Consolidating Student Loans Can Improve Your FICO Score
Most people are aware that consolidating student loans can greatly lower their monthly payments. However, many borrowers don’t realize how great of an impact consolidating student loans can have on their FICO score. Consolidating student loans is perhaps one of the most effective ways to quickly improve your FICO score, in turn saving a great deal of money on future big ticket credit purchases like cars and homes.

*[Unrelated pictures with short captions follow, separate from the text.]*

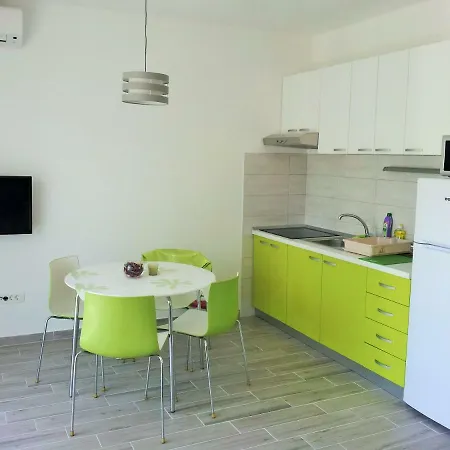 Apartment Zora *
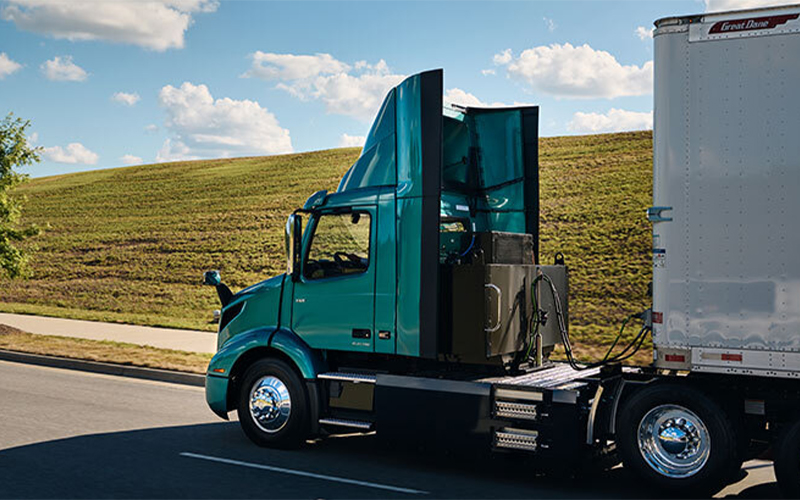 Volvo Trucks 6x4 Straight Truck - image 1 of 4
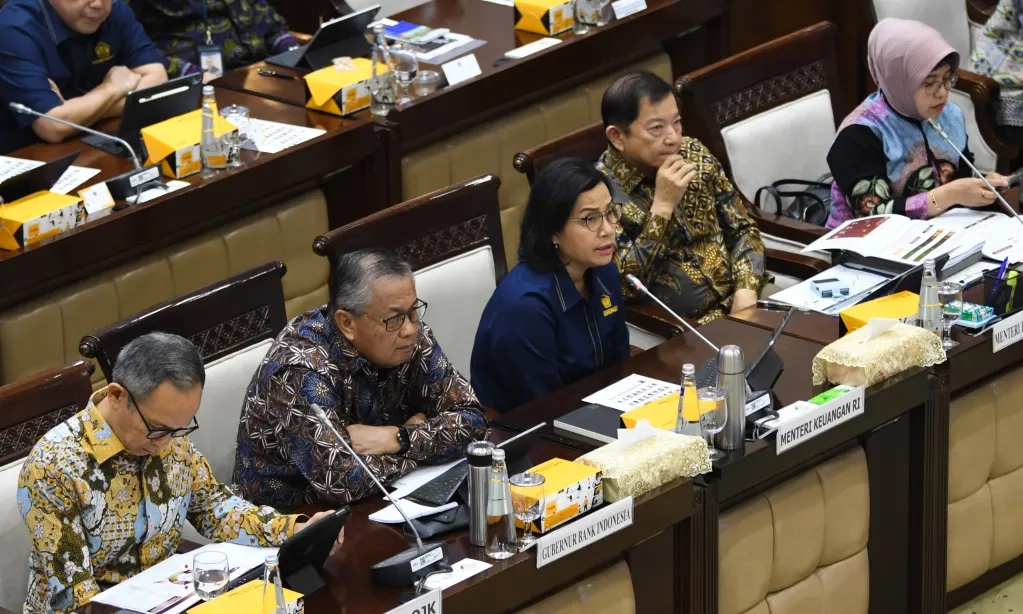 <p>Komisi XI DPR-Pemerintah Sepakati Asumsi Makro APBN 2025</p>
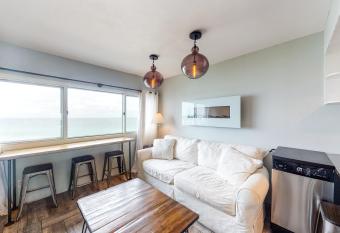 Pinnacle Port A-910 has Balcony rooms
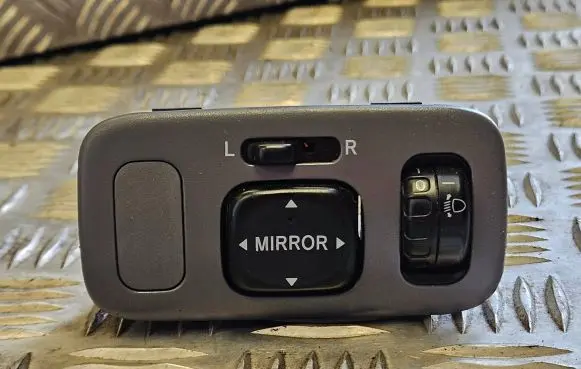 Toyota Yaris Wing mirror switch 5472J20 6950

The anatomy of a FICO score
A FICO score is derived from giving a numerical value to different elements of creditworthiness and running those numbers through a complex algorithm. The score considers your current and past financial situation in order to make a prediction about how likely you are to pay your bills on time in the future. Each credit-worthiness factor is weighted according to its importance:
35% - Payment history
30% - Amount of debt owed
10% - Length of credit history
10% - Types of current credit
15% - Miscellaneous
The direct impact of consolidating student loans on your credit
The first way that consolidating student loans positively impacts your FICO score is by closing all of the open student loans and replacing them with one, predictable, fixed interest loan. Because the amount of debt owed is such a highly ranked factor, reducing the amount owed can make a big impact on your overall score. Lenders most certainly consider debt to income ratio when deciding if you can comfortably take on a new payment. Because consolidating student loans can reduce your monthly student payment by up to 60%, your debt to income ratio can be significantly lowered.

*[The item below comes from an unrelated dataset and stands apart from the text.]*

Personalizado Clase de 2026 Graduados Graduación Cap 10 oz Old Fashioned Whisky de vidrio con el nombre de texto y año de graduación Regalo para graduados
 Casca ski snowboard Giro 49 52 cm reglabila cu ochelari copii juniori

If a graduate with a $30,000 debt pays around $313 per month before refinancing. After consolidating student loans, the new loan payment is around $106, freeing up an additional $207 per month. When considering the purchase of a new vehicle with a $300 monthly payment, having an extra $200 a month in disposable income can be a deciding factor on whether or not you can secure the auto loan at a favorable interest rate.
The indirect impact of consolidating student loans on FICO score
The reason most young adults find themselves in credit trouble is because they often need to rely on high interest credit cards to get through school and the years following graduation. People just out of college already have the chips stacked against them with a long future of student loan bills and plenty of things to purchase. Additionally recent graduates are usually just starting their careers and earning only a fraction of their likely future salary which makes it more difficult to pay off old credit card debt and easy to take advantage of new offers.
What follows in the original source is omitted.